Figure 7: The different steps of the one plane compression algorithm, applied to a compressible example tile.

 $\left(\frac{\Delta z}{\Delta x},\frac{\Delta z}{\Delta y}\right)$  directly from the neighbors in the *x*- and *y*-directions, as shown in Figure 6a. The result will be the integer terms,  $\left(\lfloor\frac{\Delta z}{\Delta x}\rfloor,\lfloor\frac{\Delta z}{\Delta y}\rfloor\right)$ , of the differentials, each with a potential correction term of one baked into it.

We then traverse the tile in the pattern shown in Figure 6b, and compute the correction terms based on either the x or y direction differentials (y direction when traversing the leftmost column, and x direction when traversing along a row). If the first non-zero correction term of a row or column is one, we flag that the corresponding differential as correct. Accordingly, if the first non-zero element is minus one, we flag that the differential contains a correction term. The flags are sticky, and can therefore only be set once. We also perform tests to make sure that each correction value is representable with one bit. If the test fails, the tile cannot be compressed.

After the previous step, we will have a representation like the one shown in Figure 7b. Just as in the figure, we can get correction terms of -1 for the differentials that contain an embedded correction term. Thus, we want to subtract one from the differential (e.g.  $\frac{\Delta z}{\Delta x}$ ), and to compensate for this, we add one to all the per-pixel correction terms. Adding one to the correction terms is trivial since they can only be -1 or 0. We can just invert the last bit of the correction terms and interpret them as a one bit number. We get the corrected representation of Figure 7c.

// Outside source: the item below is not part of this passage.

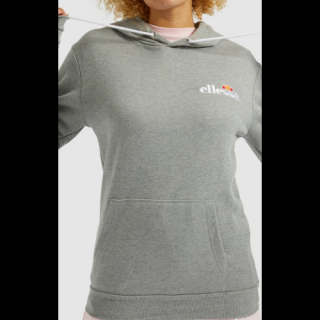 Mikina ELLESSE Noreo Grey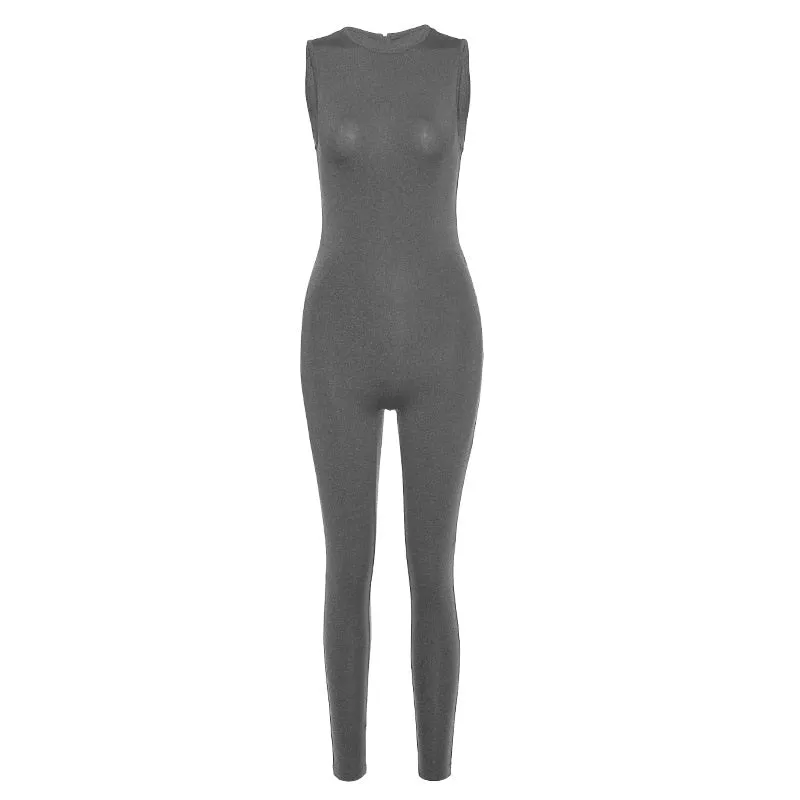 activewear jumpsuit for women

In order to optimize our format, we wish to align the size of a compressed tile to the nearest power of two. In order to do so, we sacrifice some accuracy when storing the differentials, and reference point. Since the compression must be lossless, the effect is that the compression probability is slightly decreased, since the lower accuracy means that fewer tiles can be compressed successfully. Interestingly, storing the reference point at a lower resolution works quite well if we assume that the most significant bits are set to one. This is due to the non-linear distribution of the depth values. For instance, assume we use the projection model of OpenGL and have the near and far clip planes set to 1 and 100 respectively, then 21 bits will



Figure 8: This figure illustrates the two plane compression algorithm. a) Shows the original tile with depth values from two different planes. The line indicates the edge separating the two planes. b & c) We execute the one plane algorithm of Section 4.1 for each corner of the tile. In this figure, we only show the two correct corners for clarity. Note that the correction terms take on unrepresentable values when we cross the separating edge. We use this to detect the breakpoints, shown in gray. d) In a final step, we stitch together the two solutions from (b) and (c), and make sure to correct the differentials so that all correction terms are either 0 or 1. The breakpoints are marked as a gray line.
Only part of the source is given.